The police raids across the South of Gran Canaria, on Friday, as part of a cross border investigation into the illegal organising of irregular migration, in the municipality of Mogán, have resulted in nearly 50 arrests, with a confirmed total of 27 arrested on Gran Canaria, 17 of whom have been directly jailed on charges. Policia Nacional Agents have made between 15 and 20 more arrests in mainland Spain related to these events, investigating alleged crimes including the illegal trafficking of migrants by boats from the west African coasts to the Canary Islands.

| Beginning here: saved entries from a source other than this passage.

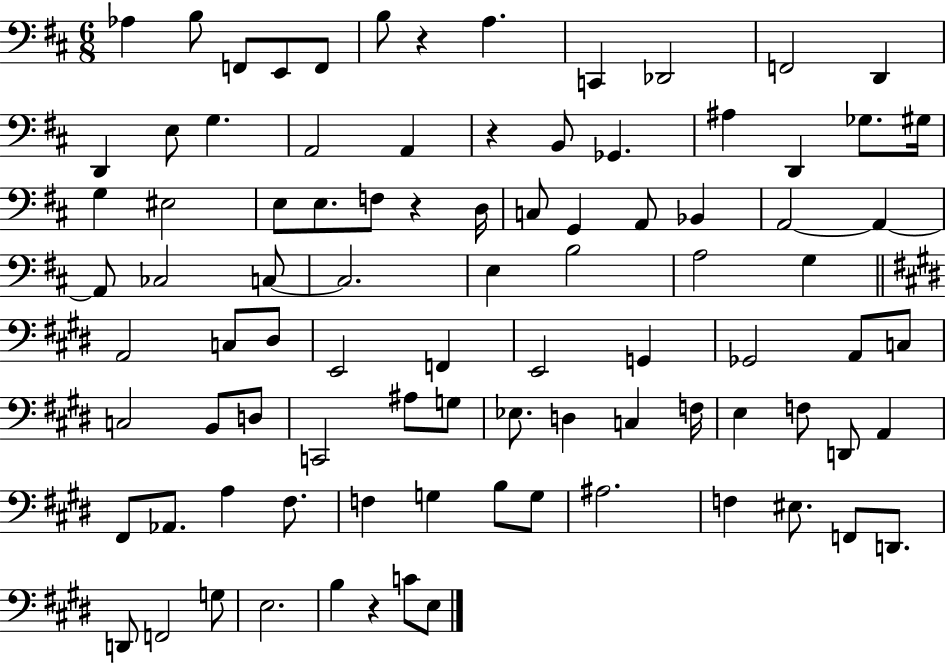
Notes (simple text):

Ab3/q B3/e F2/e E2/e F2/e B3/e R/q A3/q. C2/q Db2/h F2/h D2/q D2/q E3/e G3/q. A2/h A2/q R/q B2/e Gb2/q. A#3/q D2/q Gb3/e. G#3/s G3/q EIS3/h E3/e E3/e. F3/e R/q D3/s C3/e G2/q A2/e Bb2/q A2/h A2/q A2/e CES3/h C3/e C3/h. E3/q B3/h A3/h G3/q A2/h C3/e D#3/e E2/h F2/q E2/h G2/q Gb2/h A2/e C3/e C3/h B2/e D3/e C2/h A#3/e G3/e Eb3/e. D3/q C3/q F3/s E3/q F3/e D2/e A2/q F#2/e Ab2/e. A3/q F#3/e. F3/q G3/q B3/e G3/e A#3/h. F3/q EIS3/e. F2/e D2/e. D2/e F2/h G3/e E3/h. B3/q R/q C4/e E3/e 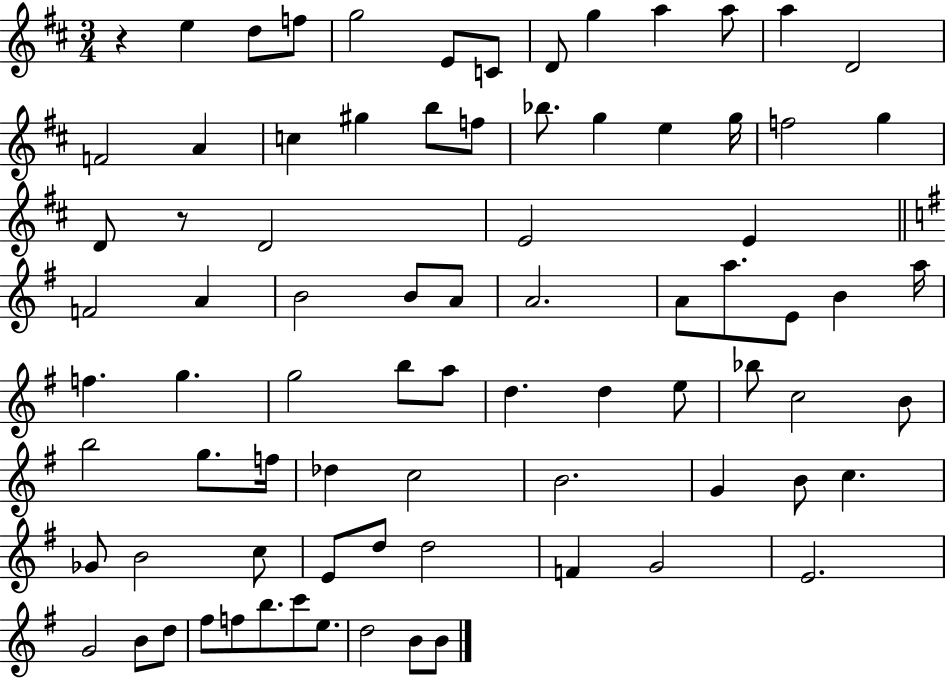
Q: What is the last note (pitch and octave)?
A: B4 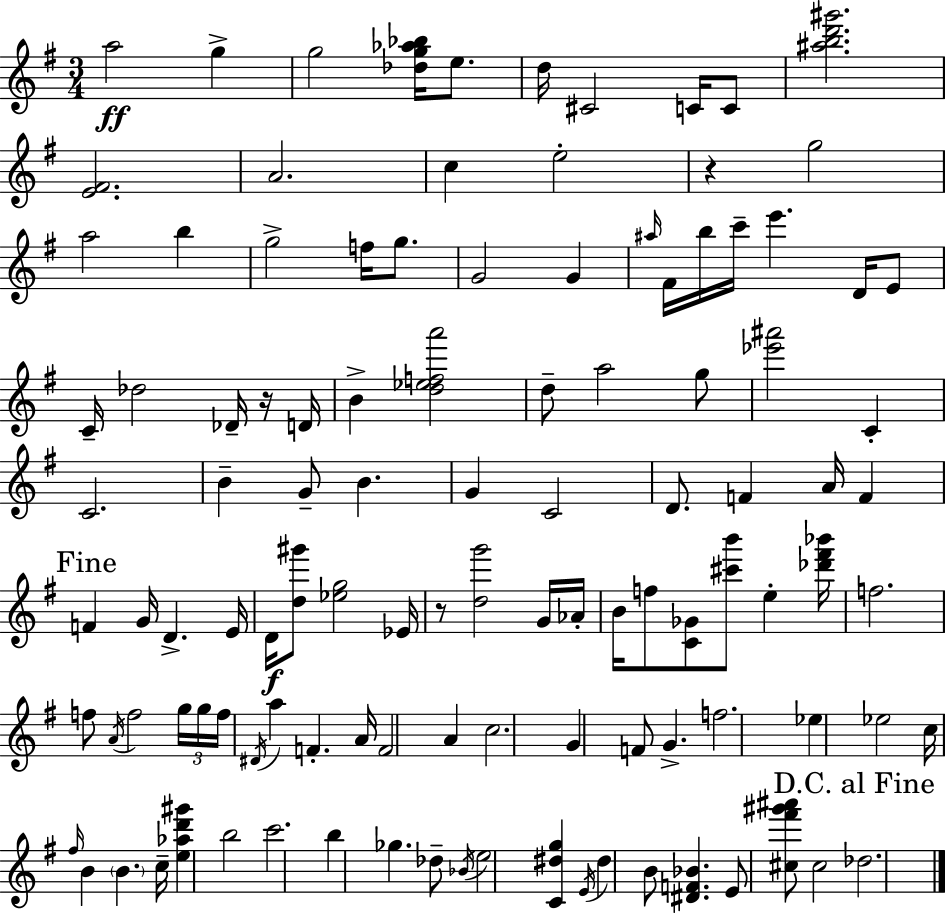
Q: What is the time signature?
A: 3/4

A large number of the detainees include Moroccan nationals and natives of that country, naturalised as Spanish, as well as Italians all allegedly working together along with various other groups. There has not yet been any confirmations regarding other nationalities. The investigation continues to be open, though under a strict secrecy order, and searches continue to be conducted at a score of establishments, including two hairdressers, a travel agency and apartments located in Arguineguín, Puerto Rico, Playa del Cura and Motor Grande.
The investigation, and the corresponding operation against human trafficking, began in the Canary Islands and is under the direction of the General Police Department for Immigration and Borders, with agents from Madrid, supported by their colleagues from the Maspalomas Police Command and the Superior Police Headquarters in The Canary Islands, who on Friday morning deployed along the south coast of Gran Canaria to carry out searches and arrests, following several months of investigation.

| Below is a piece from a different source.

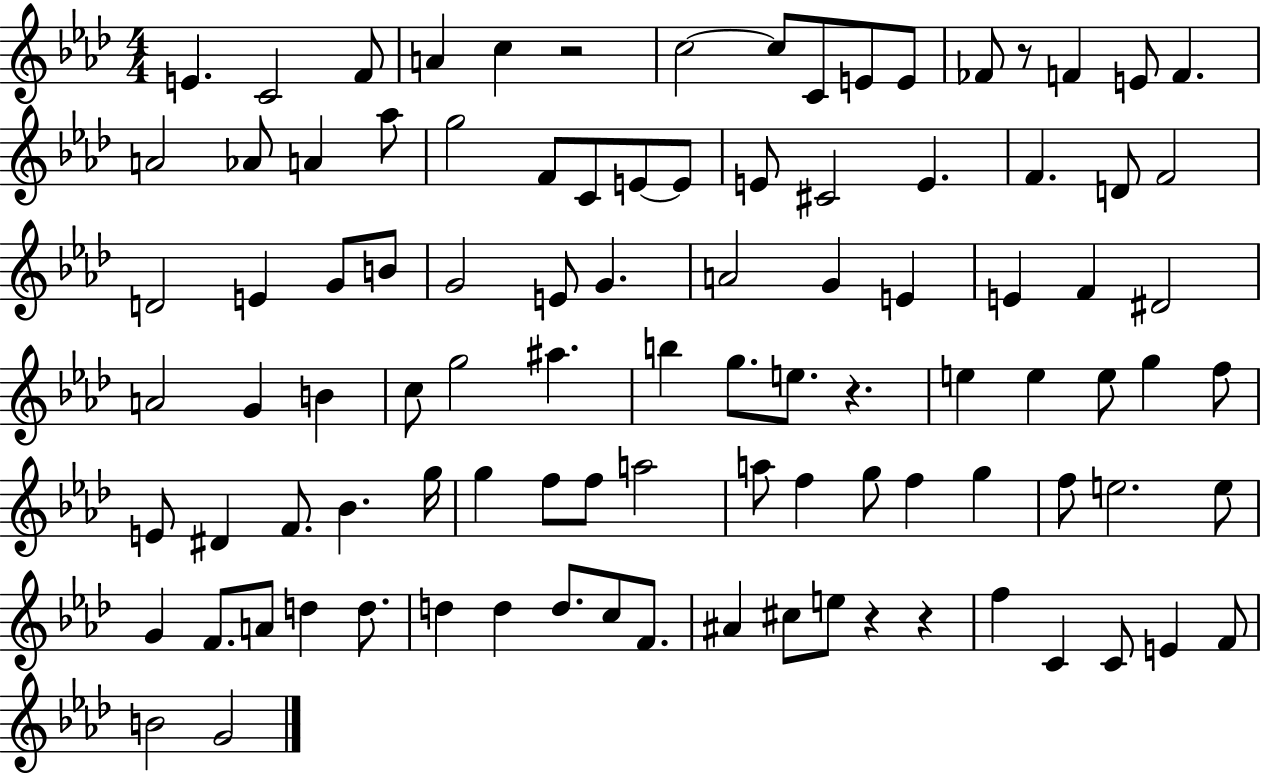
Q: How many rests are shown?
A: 5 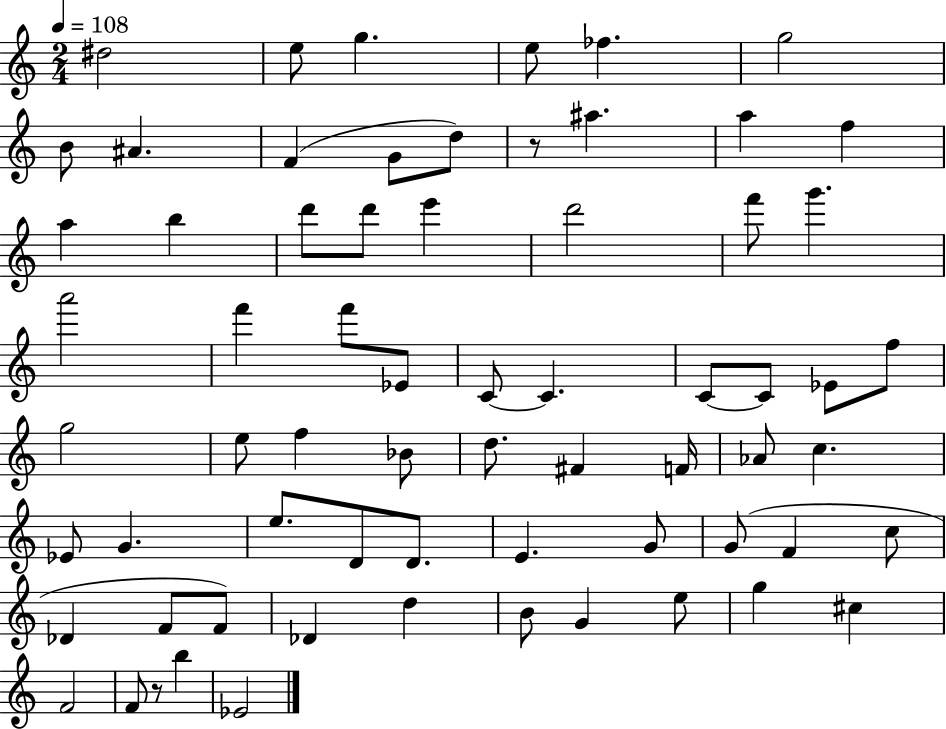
D#5/h E5/e G5/q. E5/e FES5/q. G5/h B4/e A#4/q. F4/q G4/e D5/e R/e A#5/q. A5/q F5/q A5/q B5/q D6/e D6/e E6/q D6/h F6/e G6/q. A6/h F6/q F6/e Eb4/e C4/e C4/q. C4/e C4/e Eb4/e F5/e G5/h E5/e F5/q Bb4/e D5/e. F#4/q F4/s Ab4/e C5/q. Eb4/e G4/q. E5/e. D4/e D4/e. E4/q. G4/e G4/e F4/q C5/e Db4/q F4/e F4/e Db4/q D5/q B4/e G4/q E5/e G5/q C#5/q F4/h F4/e R/e B5/q Eb4/h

With nearly 50 arrests in total already, more than half of them on Gran Canaria, and 17 already jailed on charges, this operation is looking more and more like the result of a massive investigation which is now bringing some real and tangible results.
Nevertheless numbers, travelling along what is known as The Canary Route, have more than doubled already this year, so it remains to be seen whether the dismantling of this criminal group is likely to have any serious affect on the numbers expected to be arriving this summer. Lots of work is going on at the points of departure and countries of origin too, to try to stem the flow. Only time will tell if this changes the situation. Whichever way you look at it, there are millions of people displaced across the Sahel and troubles on the coasts of Africa as well as in Western Sahara, we must prepare to face the probability that this is just one small drop in a vast, and unforgiving, ocean.